● **What is being asked**
What the task requires is an exact printout of the listing below, pictures excluded.

● **Supplied material**
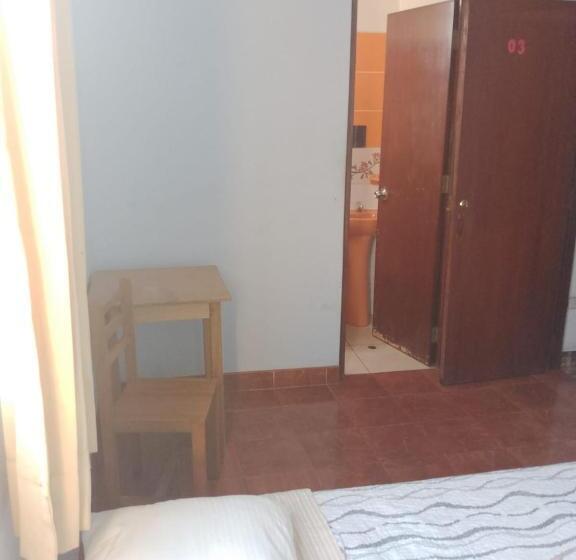 标准间, Lola Hosting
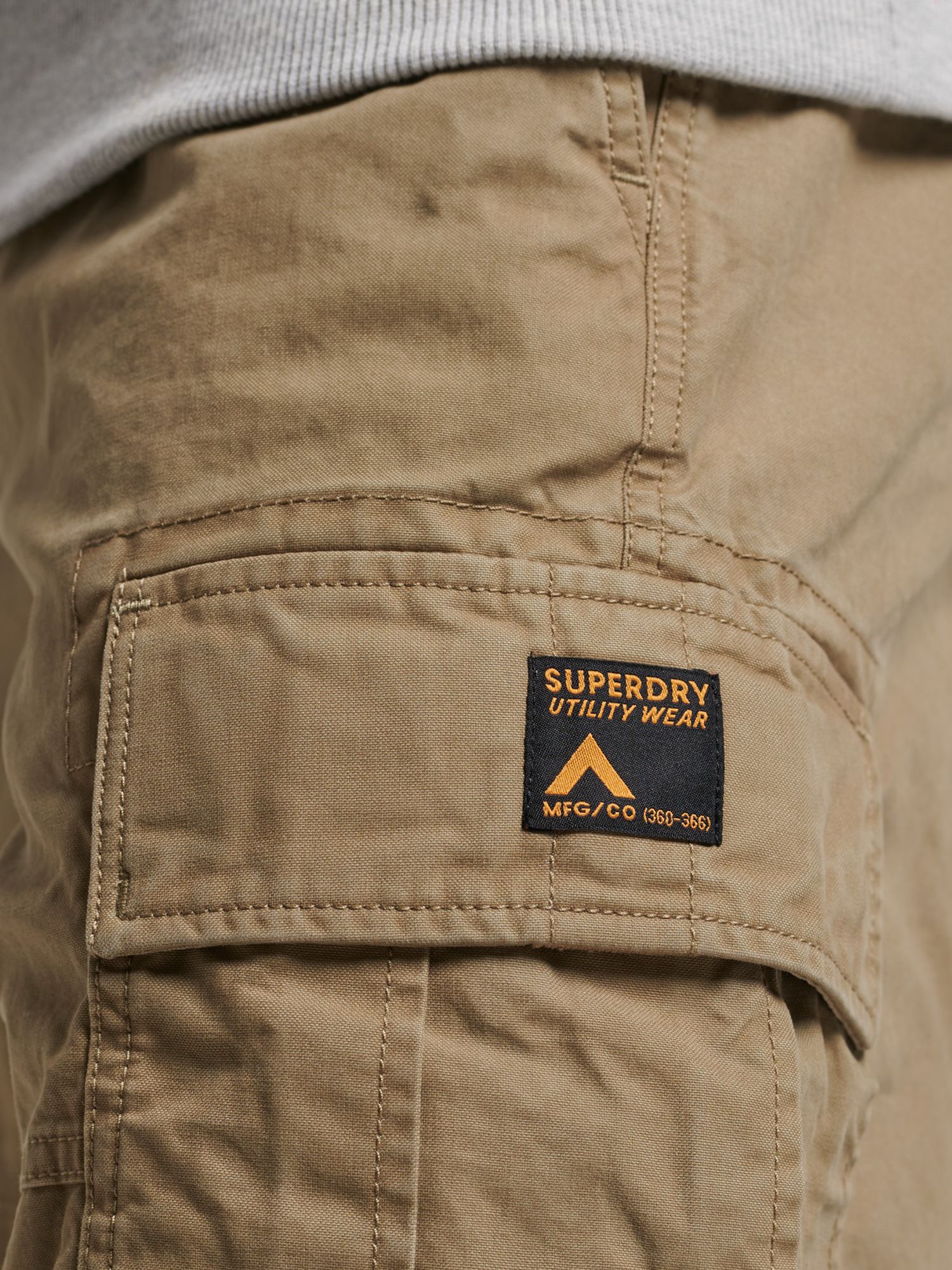 Superdry Heavy Cargo Shorts, Dress Beige, 36R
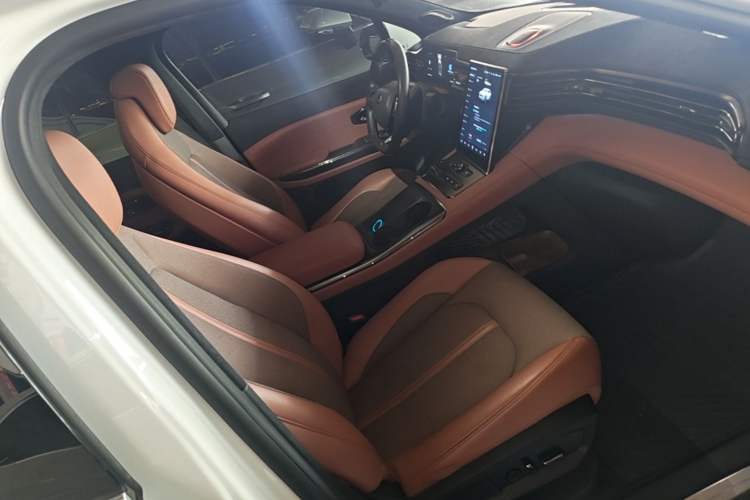 Used Nio EC6 2022 100kWh Sport Edition Right Front Seat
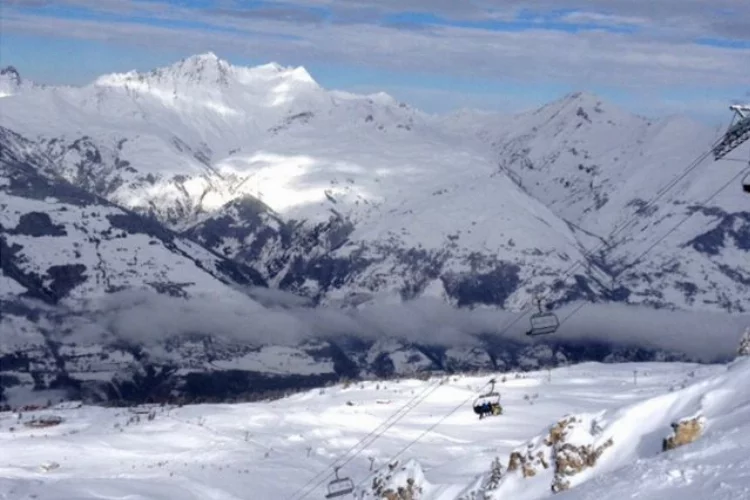 Fransız Alpleri’nde çığ: 4 ölü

● **Written answer**
 标准间, Lola Hosting
 Superdry Heavy Cargo Shorts, Dress Beige, 36R
 Used Nio EC6 2022 100kWh Sport Edition Right Front Seat
 Fransız Alpleri’nde çığ: 4 ölü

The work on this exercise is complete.